COLLECTED DATA section start

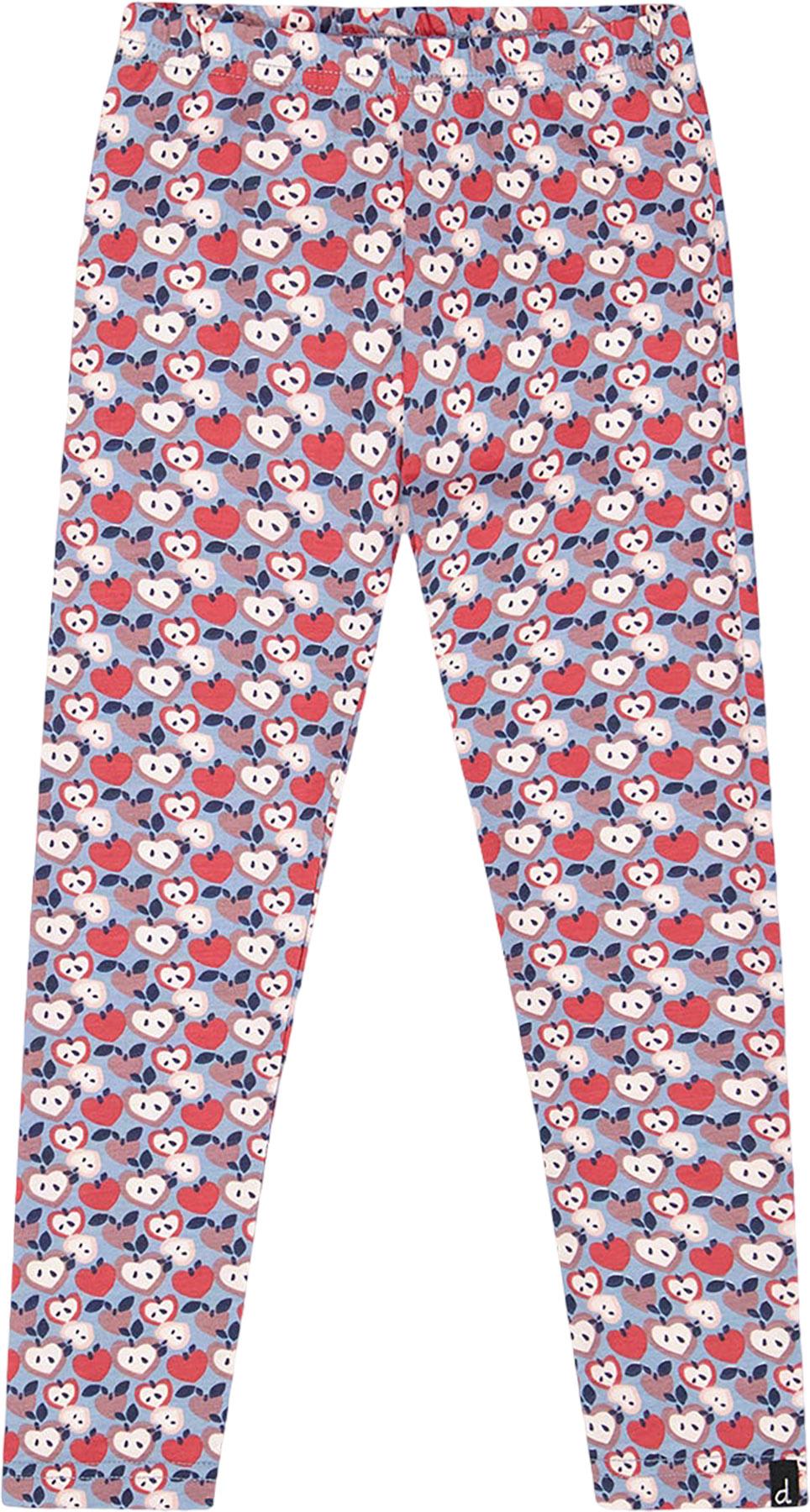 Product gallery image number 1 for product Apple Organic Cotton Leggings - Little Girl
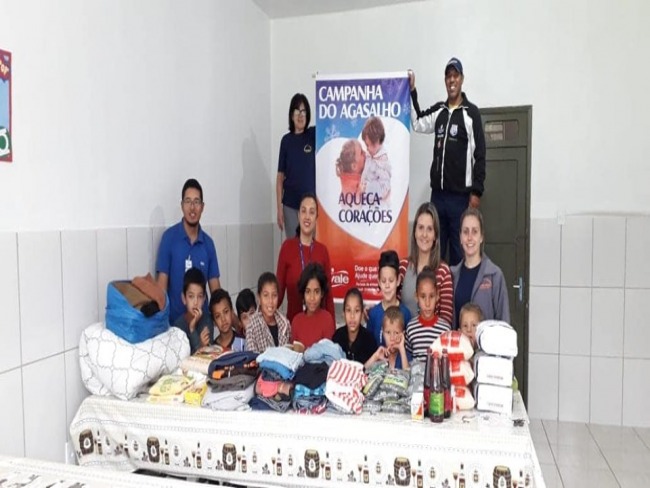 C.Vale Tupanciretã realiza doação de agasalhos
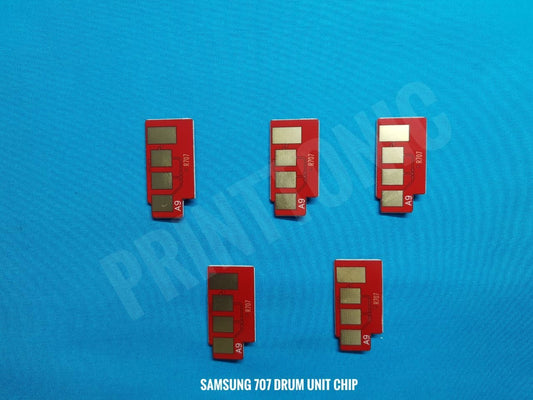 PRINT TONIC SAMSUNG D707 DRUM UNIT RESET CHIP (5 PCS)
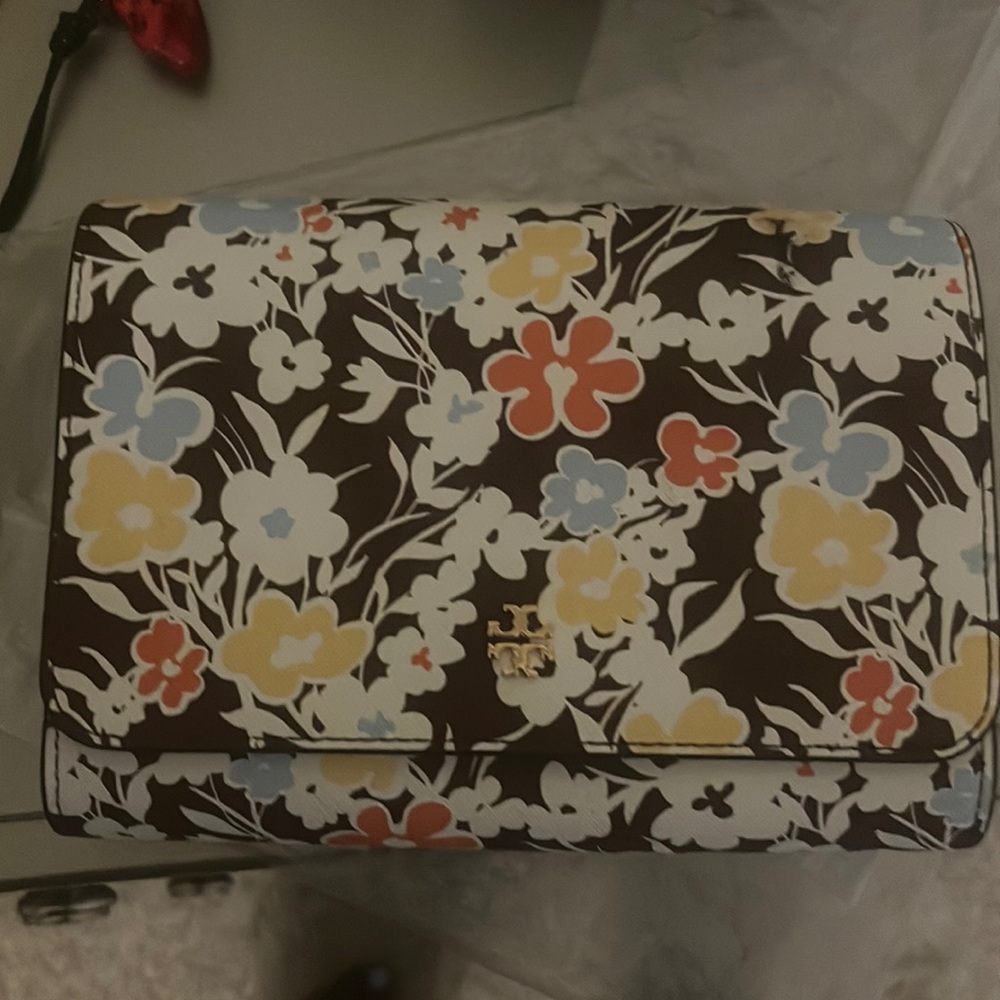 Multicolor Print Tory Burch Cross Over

COLLECTED DATA section end

**HOW TO COMPLETE THIS TASK:**
Quote in full the listing given above; the images are to be left out.

**ANSWER BOX:**
 Product gallery image number 1 for product Apple Organic Cotton Leggings - Little Girl
 C.Vale Tupanciretã realiza doação de agasalhos
 PRINT TONIC SAMSUNG D707 DRUM UNIT RESET CHIP (5 PCS)
 Multicolor Print Tory Burch Cross Over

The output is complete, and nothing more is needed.